Zum ersten Mal seit der Demokratisierung Brasiliens Ende der 1980er Jahre geht es bei den Präsidentschaftswahlen im Oktober nicht nur darum, wer die meisten Stimmen erhält. Weniger als einen Monat vor der ersten Runde steht vielmehr die Frage im Raum, was passiert, wenn der aktuelle Präsident, Jair Bolsonaro, die Wahlen verliert, das Ergebnis aber nicht anerkennt. Nach dem jetzigen Stand wäre alles andere eine Überraschung: Bolsonaro liegt in den Umfragen seit Monaten deutlich hinter Luiz Inácio da Silva, besser bekannt als „Lula“, der das Land von 2003 bis 2010 regiert hat. In einer stark polarisierten Gesellschaft ist die Zahl der Wählerinnen und Wähler, die sich noch nicht entschieden haben, gering. Von Tag zu Tag wird es unwahrscheinlicher, dass der Präsident seinen Rückstand noch aufholen kann.

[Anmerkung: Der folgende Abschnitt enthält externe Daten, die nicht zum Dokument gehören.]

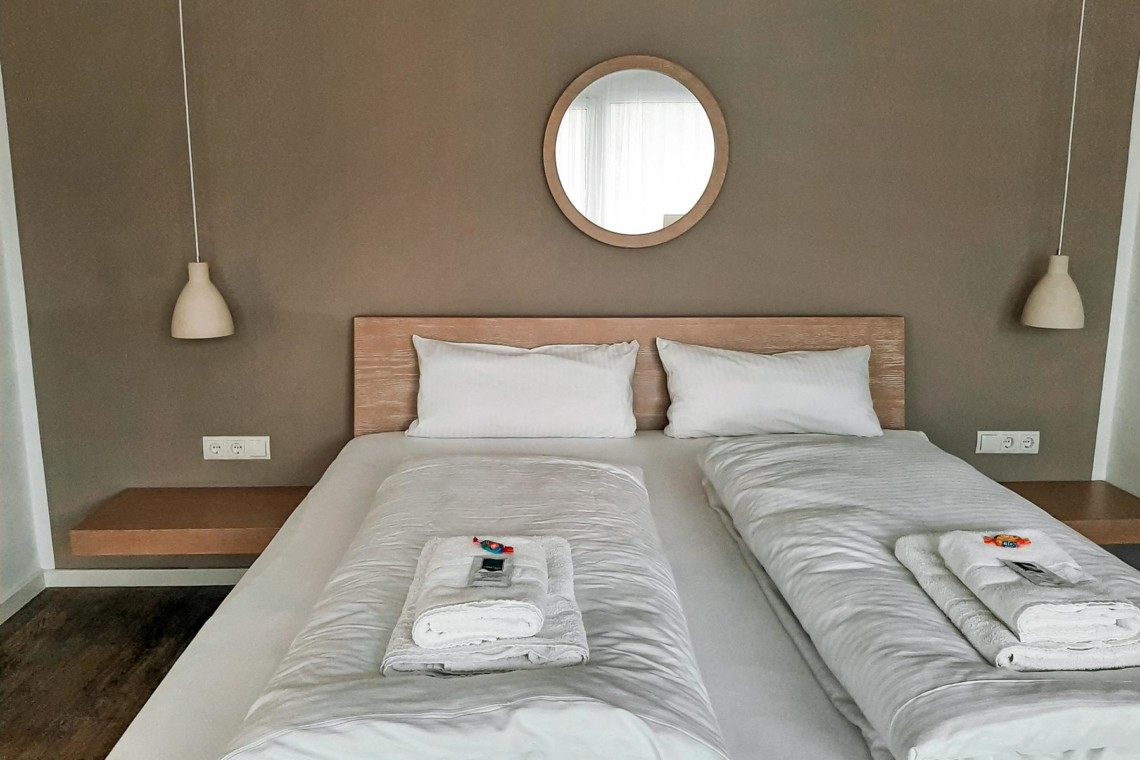 Gemütliches Schlafzimmer in Ferienwohnung Bergzauber, Schliersee mit modernem Design und Komfort für Ihren Erholungsurlaub.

Dass Bolsonaro seine wahrscheinliche Niederlage anerkennen wird und Lula am 1. Januar 2023 die Präsidentenschärpe übergibt, kann man allerdings nahezu ausschließen. Seit Jahren verbreitet der Präsident Fake News über Brasiliens elektronische Wahlurnen, wonach die Ergebnisse gefälscht werden könnten, ohne jedoch konkrete Beweise vorgelegt zu haben. Selbst das offizielle Ergebnis der Wahlen 2018, so Bolsonaro, sei gefälscht worden, da er rechtmäßig schon im ersten Wahldurchgang und nicht erst in der Stichwahl hätte gewinnen müssen. Auf einer Wahlveranstaltung verlautete Bolsonaro kürzlich vor seinen Anhängern, als Ergebnis der Wahl gebe es für ihn nur die drei Möglichkeiten: „Gefängnis, Tod oder Sieg“.

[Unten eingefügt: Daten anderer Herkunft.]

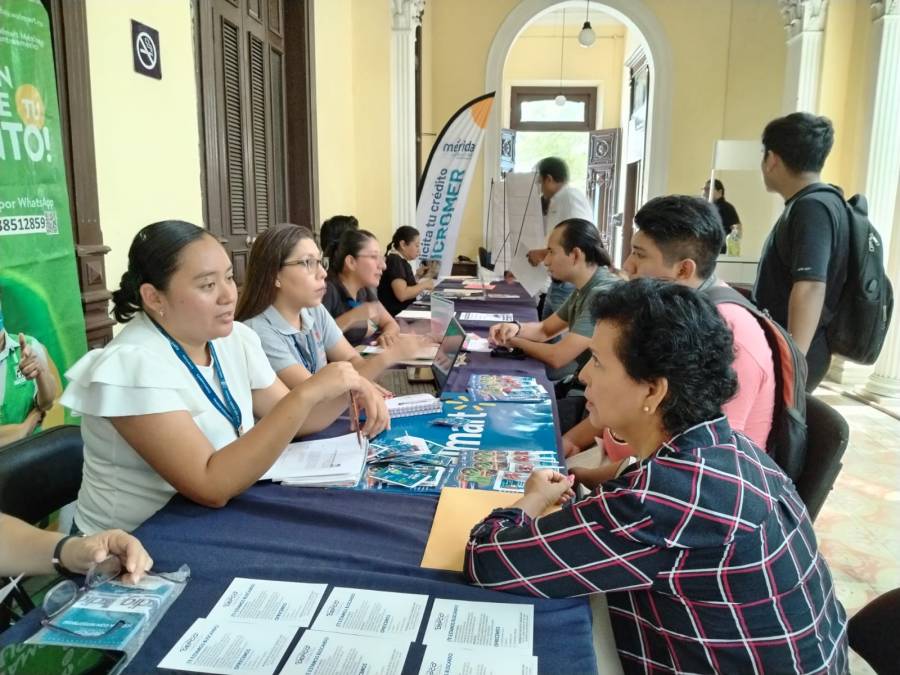 Feria de empleo en Mérida: 29 empresas ofrecerán este lunes 28 unos 300 puestos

Bolsonaro hat seine Regierung militarisiert: mehr als 6 000 Militärs bekleiden Posten in den Ministerien.

Sollte Lula also tatsächlich die Wahlen gewinnen (Umfragen deuten darauf hin, dass dies im zweiten Durchgang am 30. Oktober der Fall sein wird) und Bolsonaro das Ergebnis nicht anerkennen, gibt es drei mögliche Szenarien. Im besten Falle könnte der Präsident sich weigern, Lula zu gratulieren, und Lulas Amtseinführung am 1. Januar fernbleiben, ohne eine politische Krise auszulösen. Das zweite Szenario wäre ein brasilianischer „6. Januar“, an dem bewaffnete Bolsonaro-Anhänger versuchen könnten, den Obersten Gerichtshof oder den Obersten Wahlgerichtshof zu stürmen, ohne aber letztendlich den Machtwechsel verhindern zu können. Im dritten und am meisten gefürchteten Szenario würden Brasiliens Generäle signalisieren, dass sie Bolsonaros Anfechtung des Ergebnisses unterstützen und eine parallele und nicht-offizielle Auszählung durchführen.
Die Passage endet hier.